Ottawa

Three key files that are fleshed out in Justin Trudeau’s new book

Though Trudeau’s memoir is largely noteworthy for its glimpses of his famous family and odd upbringing, hints at policy do appear

(Sean Kilpatrick/The Canadian Press)

(Sean Kilpatrick/The Canadian Press)

By now you might have caught wind of some highlights from Common Ground, Justin Trudeau’s new autobiography. He knows his audience, so there’s lots in there about his famous parents, and a childhood spent playing hide-and-seek with his brothers on the third floor of the Parliament Buildings’ Centre Block and catching a glimpse of Princess Di dropping by to swim laps in the pool at 24 Sussex Drive.

Along with the fun stuff, the book’s best parts come when Trudeau writes about coping with the often heavy burden of being Pierre Elliott Trudeau’s eldest. What it doesn’t contain—and nobody really expected—is much in the way of issue-by-issue details about how Trudeau, if he became prime minister after the election scheduled for next fall, might run the country. Still, I found passages that at least put a clearer frame around the questions of how the Liberal leader might handle three key files:

1. Hard-nosed on federal-provincial relations. Trudeau was studying at McGill University during the Charlottetown Accord referendum battle of 1992. I hadn’t realized what a turning point it was for him. He says fighting the accord “sealed my engagement with Canadian politics.” But he doesn’t merely echo his father’s most famous objections, particularly to the accord’s proposal to declare that “Quebec constitutes within Canada a distinct society.”

Justin Trudeau instead stresses that Ottawa would have given up its rarely used, rather obscure powers to disallow provincial laws that clash with national purposes or declare control over provincial projects deemed nationally crucial. “There was nothing wrong with proposing these concessions,” Trudeau writes, “but I kept returning to the same question wherever these and similar concessions by the federal government were addressed: What was Ottawa getting back in return?”

This strikes me as the voice of a hard-nosed, horse-trading instinct when it comes to federal-provincial relations, a tendency well worth noting as a sign of how Trudeau might, as PM, deal with the premiers.

2. Climate change not solidly prioritized. Environmental issues sometimes seem important to Trudeau, but Common Ground left me wondering where climate change ranks on his priority list. Trudeau describes his decision at the 2006 Liberal leadership convention in Montreal to swing to Stéphane Dion—after his first choice, Gerard Kennedy, was toast—by writing that Dion “had built his campaign around environmental policy, which aligned with so much of what I had heard from young people as chair of the [Liberal party’s] youth task force.”
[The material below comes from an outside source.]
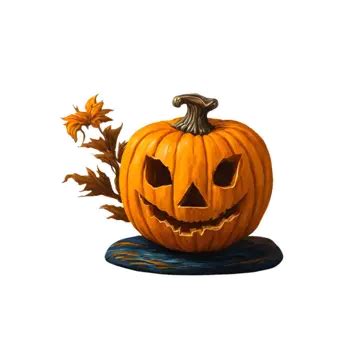 Smiley Spooky Orange Halloween Pumpkin Happy Halloween Cartoon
Fast forward to 2012, when Trudeau was mulling a bid for the Liberal leadership, and he says he saw Prime Minister Stephen Harper failing on three fronts: middle-class incomes, problems with Canadian democracy and climate change. By the book’s summarizing final pages, however, climate change isn’t making Trudeau’s cut. He writes: “I would come back to these big, basic issues over and over again: growth that works for the middle class, and fair economic opportunity for everyone; respect for and promotion of freedom and diversity; and a more democratic government that represents all of Canada.”
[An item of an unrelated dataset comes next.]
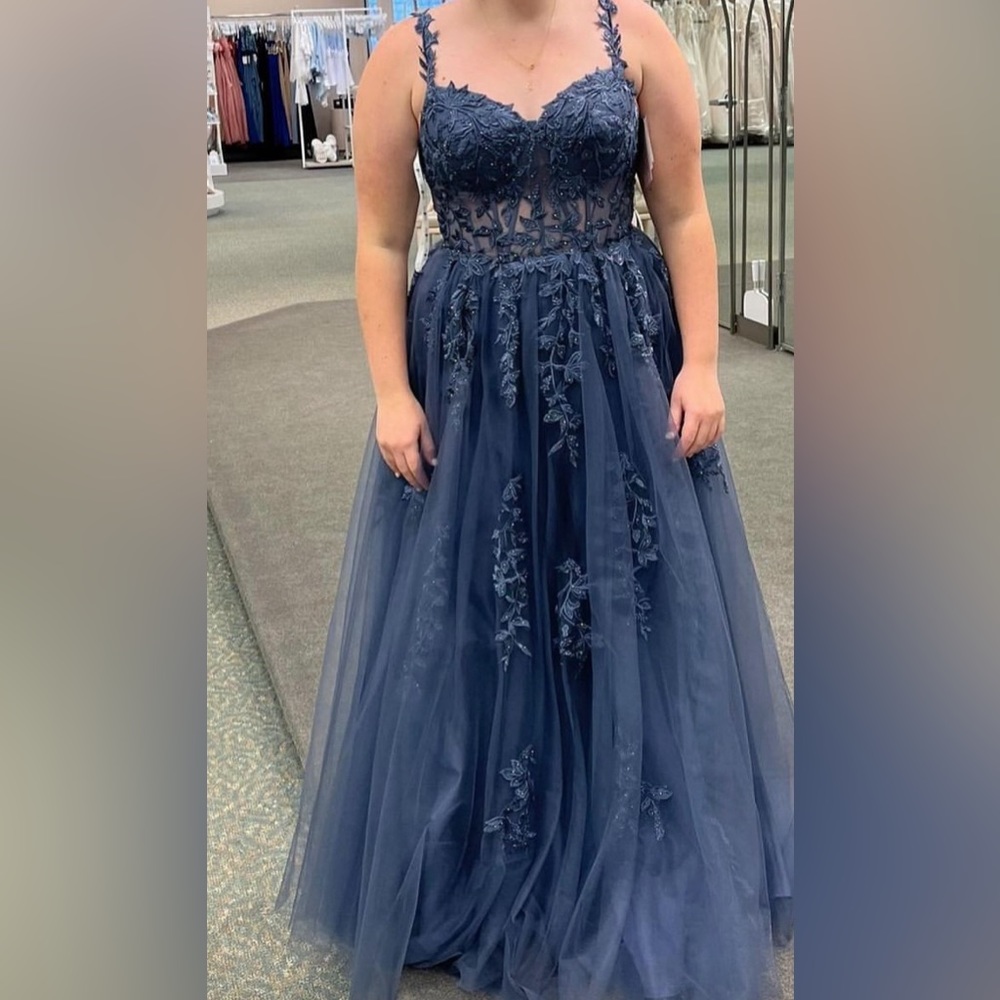 Size 10 Slate Blue Prom Dress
I wonder if Dion’s epic 2008 election loss, while running on his daring “Green Shift” platform, hasn’t left Trudeau and other Liberals skittish about putting climate change anywhere near the centre of their platform.

3. Beyond middle-class policy, Papineau’s poor. If climate change isn’t an obvious pillar of Trudeau’s policy framework, the state of the middle class certainly is. He brought supposedly stagnant middle-class incomes to the fore in a speech last winter to Liberals at a Montreal policy conference. (I am among those who found his claims that the Canadian middle class hasn’t had a raise in three decades simplistic at best.)
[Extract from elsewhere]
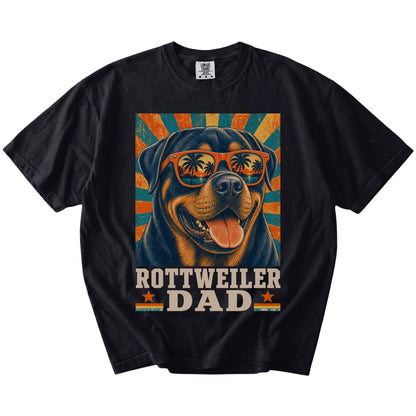 Retro Rottweiler Dad design on a Black Comfort Colors T-shirt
In the book, he adds some nuance, noting that “abundant natural resources” cushioned Canada from U.S.-style middle-class decline, while the success of women entering the Canadian workforce boosted family earnings. These are huge factors, and just part of a lively debate on the true state of the middle class (watched closely here at Maclean’s) among economists. It’s great that Trudeau is allowing real-world complexity to shade his picture, although he sticks to his rather blunt core claim: “The median income of Canadians has barely increased since 1980. That means your average ordinary family hasn’t had a real raise in 30 years.”

More intriguing is the way Trudeau writes with what registers, to me, at least, as genuine feeling for the poor in his Papineau riding, compared to the better-off parts of Montreal. “Canada’s poor and rich seldom interact,” he says. “In some areas of Papineau, you can walk for blocks without meeting someone who graduated from university or earns a six-figure income; in Outremont and Westmount, it’s a challenge to find a homeowner who doesn’t have at least one college degree.”

It sounds almost as if Trudeau’s street-level experience as an MP might yet make him a compelling advocate, not so much for Canadians earning around the median income, but for the working poor who would be delighted for a chance—or a chance for their kids—to climb to that level. A policy aimed at the sought-after middle-class vote is expected. A strategy for helping Canadians barely getting by would be a welcome surprise.